Les seules limites seront la disponibilité de l’énergie (on ne pourra entreprendre un projet qu’autant que l’énergie disponible le permettra, dans l’absolu et par rapport aux autres utilisations possibles) et la sécurité. Dans cet esprit, les activités dangereuses pour la sécurité des autres résidents seront strictement interdites. Par ailleurs, le nombre de paying guests devra respecter le besoin et la possibilité pour la Compagnie de loger et de faire vivre tout le staff nécessaire au fonctionnement de la Colonie.
La Compagnie, la Banque, la Cie d’assurance seront présentes aussi bien sur la Terre que sur Mars.
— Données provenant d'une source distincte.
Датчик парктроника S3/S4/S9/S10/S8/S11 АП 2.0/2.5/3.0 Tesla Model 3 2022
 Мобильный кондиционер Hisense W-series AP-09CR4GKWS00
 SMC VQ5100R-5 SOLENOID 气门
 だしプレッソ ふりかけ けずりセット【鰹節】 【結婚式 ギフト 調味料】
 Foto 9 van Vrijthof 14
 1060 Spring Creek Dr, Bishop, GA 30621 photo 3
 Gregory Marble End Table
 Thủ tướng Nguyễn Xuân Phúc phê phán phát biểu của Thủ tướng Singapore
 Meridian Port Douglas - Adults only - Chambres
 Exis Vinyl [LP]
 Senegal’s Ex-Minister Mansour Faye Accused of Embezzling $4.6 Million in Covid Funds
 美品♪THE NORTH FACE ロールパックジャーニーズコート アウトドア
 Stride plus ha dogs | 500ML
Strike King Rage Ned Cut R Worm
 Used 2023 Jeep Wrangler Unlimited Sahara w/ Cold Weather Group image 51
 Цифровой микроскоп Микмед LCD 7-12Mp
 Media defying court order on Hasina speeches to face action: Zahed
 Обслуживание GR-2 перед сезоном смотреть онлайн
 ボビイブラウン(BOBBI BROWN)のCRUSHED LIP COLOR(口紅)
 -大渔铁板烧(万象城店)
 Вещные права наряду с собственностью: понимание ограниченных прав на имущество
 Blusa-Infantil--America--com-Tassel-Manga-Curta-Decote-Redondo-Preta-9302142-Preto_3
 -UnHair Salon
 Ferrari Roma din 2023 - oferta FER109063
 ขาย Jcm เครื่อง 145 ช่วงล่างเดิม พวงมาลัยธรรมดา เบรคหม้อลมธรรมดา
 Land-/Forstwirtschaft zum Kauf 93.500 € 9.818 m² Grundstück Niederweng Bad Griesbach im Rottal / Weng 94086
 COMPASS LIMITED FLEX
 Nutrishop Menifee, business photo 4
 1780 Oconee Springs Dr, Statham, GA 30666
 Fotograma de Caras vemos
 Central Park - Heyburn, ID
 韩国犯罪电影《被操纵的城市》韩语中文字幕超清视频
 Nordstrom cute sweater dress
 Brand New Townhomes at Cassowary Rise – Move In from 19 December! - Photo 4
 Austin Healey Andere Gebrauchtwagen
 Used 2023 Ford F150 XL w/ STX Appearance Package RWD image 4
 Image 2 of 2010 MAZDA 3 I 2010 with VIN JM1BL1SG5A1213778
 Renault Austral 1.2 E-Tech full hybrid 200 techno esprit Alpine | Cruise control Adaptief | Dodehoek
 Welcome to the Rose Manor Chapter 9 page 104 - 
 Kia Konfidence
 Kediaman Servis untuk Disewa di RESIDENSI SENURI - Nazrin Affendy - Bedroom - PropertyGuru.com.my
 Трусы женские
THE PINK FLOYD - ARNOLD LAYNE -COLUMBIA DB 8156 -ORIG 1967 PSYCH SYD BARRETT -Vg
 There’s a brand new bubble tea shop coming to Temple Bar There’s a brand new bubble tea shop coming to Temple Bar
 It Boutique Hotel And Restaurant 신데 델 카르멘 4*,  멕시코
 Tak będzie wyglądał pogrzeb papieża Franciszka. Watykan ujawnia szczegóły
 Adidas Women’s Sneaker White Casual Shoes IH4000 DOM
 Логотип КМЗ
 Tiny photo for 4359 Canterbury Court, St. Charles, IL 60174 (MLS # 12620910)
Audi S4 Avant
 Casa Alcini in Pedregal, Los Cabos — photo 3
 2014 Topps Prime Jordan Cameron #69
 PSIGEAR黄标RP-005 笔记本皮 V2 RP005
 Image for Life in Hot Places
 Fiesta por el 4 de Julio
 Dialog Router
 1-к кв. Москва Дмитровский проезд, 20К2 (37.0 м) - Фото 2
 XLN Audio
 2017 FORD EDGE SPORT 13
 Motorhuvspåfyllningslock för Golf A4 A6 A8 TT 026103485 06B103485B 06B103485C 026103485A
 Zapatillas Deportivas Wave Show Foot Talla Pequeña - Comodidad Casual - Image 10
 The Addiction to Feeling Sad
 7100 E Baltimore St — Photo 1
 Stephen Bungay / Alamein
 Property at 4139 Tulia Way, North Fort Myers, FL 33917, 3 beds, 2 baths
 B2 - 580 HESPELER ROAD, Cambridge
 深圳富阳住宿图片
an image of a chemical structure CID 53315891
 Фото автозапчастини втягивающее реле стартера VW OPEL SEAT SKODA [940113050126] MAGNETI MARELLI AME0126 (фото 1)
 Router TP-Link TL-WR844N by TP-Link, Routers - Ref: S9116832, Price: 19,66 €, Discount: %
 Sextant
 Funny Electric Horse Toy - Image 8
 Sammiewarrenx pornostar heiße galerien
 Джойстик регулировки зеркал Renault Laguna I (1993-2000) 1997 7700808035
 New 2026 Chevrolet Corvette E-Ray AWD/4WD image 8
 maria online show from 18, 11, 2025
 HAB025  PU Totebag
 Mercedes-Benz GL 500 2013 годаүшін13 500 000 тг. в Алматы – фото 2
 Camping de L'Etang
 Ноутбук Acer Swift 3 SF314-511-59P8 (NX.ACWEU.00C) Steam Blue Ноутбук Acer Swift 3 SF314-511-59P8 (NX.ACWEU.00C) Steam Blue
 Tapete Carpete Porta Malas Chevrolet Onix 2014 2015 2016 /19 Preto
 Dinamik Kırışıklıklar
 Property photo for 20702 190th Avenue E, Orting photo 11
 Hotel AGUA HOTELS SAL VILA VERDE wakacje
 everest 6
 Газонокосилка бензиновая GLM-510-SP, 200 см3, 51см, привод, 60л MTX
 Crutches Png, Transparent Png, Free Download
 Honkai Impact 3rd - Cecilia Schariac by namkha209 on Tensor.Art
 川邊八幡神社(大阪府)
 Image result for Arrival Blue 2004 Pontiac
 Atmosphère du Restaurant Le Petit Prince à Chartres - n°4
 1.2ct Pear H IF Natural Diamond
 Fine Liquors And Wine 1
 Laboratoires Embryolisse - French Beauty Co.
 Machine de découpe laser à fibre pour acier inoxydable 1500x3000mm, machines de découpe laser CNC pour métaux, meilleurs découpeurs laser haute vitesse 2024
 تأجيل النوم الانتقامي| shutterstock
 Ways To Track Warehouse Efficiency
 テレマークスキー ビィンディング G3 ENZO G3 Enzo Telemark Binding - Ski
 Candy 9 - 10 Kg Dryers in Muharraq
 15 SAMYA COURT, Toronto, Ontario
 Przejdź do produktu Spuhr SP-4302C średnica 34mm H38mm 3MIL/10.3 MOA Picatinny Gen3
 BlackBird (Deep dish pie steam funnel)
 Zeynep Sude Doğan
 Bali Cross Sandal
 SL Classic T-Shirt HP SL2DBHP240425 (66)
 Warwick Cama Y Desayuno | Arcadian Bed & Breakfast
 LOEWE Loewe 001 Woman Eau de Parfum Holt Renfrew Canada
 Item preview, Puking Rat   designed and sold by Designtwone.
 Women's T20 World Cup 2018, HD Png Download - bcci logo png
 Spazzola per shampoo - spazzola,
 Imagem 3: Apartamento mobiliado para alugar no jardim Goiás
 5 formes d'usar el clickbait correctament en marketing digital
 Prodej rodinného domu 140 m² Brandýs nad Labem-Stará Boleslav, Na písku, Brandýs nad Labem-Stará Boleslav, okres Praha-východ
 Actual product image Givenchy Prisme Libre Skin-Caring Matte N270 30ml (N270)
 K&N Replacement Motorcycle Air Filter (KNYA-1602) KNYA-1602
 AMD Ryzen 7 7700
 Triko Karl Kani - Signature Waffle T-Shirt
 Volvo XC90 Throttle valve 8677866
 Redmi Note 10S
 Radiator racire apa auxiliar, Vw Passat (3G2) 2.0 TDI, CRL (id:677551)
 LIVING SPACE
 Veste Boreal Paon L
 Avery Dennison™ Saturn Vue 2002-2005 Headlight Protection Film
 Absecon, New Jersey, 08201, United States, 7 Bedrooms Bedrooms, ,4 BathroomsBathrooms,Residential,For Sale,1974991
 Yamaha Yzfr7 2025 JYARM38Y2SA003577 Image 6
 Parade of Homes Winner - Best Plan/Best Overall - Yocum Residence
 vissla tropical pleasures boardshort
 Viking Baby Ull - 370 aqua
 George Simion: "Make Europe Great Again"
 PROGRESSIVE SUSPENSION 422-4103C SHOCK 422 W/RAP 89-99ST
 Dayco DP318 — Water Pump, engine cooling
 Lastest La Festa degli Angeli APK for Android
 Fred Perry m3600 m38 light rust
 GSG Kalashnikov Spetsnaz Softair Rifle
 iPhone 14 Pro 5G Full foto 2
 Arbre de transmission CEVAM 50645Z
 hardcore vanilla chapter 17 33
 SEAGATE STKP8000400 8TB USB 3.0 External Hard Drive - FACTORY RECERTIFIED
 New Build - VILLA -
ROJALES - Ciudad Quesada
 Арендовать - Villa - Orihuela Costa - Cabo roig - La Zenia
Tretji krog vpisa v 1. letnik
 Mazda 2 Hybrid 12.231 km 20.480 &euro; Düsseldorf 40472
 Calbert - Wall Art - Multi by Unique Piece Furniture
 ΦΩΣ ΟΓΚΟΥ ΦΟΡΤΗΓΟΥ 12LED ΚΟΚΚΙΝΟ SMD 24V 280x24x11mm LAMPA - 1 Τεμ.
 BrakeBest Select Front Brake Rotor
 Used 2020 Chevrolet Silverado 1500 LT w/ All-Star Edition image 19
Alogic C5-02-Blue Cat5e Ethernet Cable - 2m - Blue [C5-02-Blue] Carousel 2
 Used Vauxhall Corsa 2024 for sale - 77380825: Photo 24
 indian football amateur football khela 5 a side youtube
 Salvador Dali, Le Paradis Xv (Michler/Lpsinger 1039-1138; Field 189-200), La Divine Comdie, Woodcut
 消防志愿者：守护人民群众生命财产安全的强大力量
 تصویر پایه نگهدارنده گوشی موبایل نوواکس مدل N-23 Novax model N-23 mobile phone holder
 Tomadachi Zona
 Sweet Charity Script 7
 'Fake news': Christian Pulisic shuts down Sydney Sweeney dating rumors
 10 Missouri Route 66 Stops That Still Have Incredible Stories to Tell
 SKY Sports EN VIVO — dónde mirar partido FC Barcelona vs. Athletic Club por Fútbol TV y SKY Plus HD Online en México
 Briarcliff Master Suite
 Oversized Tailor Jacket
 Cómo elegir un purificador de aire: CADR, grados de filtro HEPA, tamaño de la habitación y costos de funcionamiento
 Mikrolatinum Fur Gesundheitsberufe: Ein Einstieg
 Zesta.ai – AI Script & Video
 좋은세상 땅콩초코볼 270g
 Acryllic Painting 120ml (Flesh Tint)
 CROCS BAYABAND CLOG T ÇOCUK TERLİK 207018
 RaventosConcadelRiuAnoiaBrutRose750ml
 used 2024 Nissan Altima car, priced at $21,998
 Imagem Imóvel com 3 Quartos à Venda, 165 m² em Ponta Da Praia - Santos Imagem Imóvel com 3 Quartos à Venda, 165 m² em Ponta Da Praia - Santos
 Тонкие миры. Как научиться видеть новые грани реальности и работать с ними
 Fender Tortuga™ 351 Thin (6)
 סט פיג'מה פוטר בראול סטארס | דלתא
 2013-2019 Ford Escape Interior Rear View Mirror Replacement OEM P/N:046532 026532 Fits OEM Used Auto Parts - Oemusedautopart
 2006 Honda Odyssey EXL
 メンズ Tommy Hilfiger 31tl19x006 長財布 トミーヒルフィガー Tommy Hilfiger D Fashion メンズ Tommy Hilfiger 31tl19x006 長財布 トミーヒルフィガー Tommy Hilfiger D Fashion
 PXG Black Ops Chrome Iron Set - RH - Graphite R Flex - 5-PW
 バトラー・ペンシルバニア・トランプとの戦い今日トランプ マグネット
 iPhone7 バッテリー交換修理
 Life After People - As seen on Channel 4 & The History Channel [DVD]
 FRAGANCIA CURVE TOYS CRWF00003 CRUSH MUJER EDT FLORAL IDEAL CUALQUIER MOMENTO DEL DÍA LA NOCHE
En effet, il faudra que la Compagnie fasse la promotion de la Colonie, filtre les candidats au voyage. Il faudra que la Banque puisse accorder des financements aux personnes ou au projets les plus réalistes et les plus intéressants, puisse constituer des pools de financement pour les projets les plus lourds, en apportant à ses partenaires des arguments sérieux fondés sur sa connaissance particulière du milieu martien. La Cie d’assurance de même pourra se couvrir avec les mêmes arguments auprès de ses consœurs (pool) et des établissements de réassurance.
Bien sûr avec le temps… et les enfants, la société évoluera. Certains seront auront des capacités intellectuelles limitées et on ne va pas les éliminer, car l’humanité c’est aussi la compassion. Mais la Société se devra d’être juste mais sévère. Les citoyens qui troubleront l’harmonie et l’efficacité, alors qu’ils pourraient travailler et contribuer au bien commun, seront renvoyés sur Terre ou devront aller voir ailleurs. Les paresseux et les parasites ne seront pas aidés. Le chômage n’existera que très transitoirement, le temps nécessaire pour retrouver une activité qui fera l’objet d’une demande solvable.
Et petit à petit, la Colonie prendra de l’importance, renforcera son autonomie et Mars deviendra une autre Terre, la fameuse Planète B.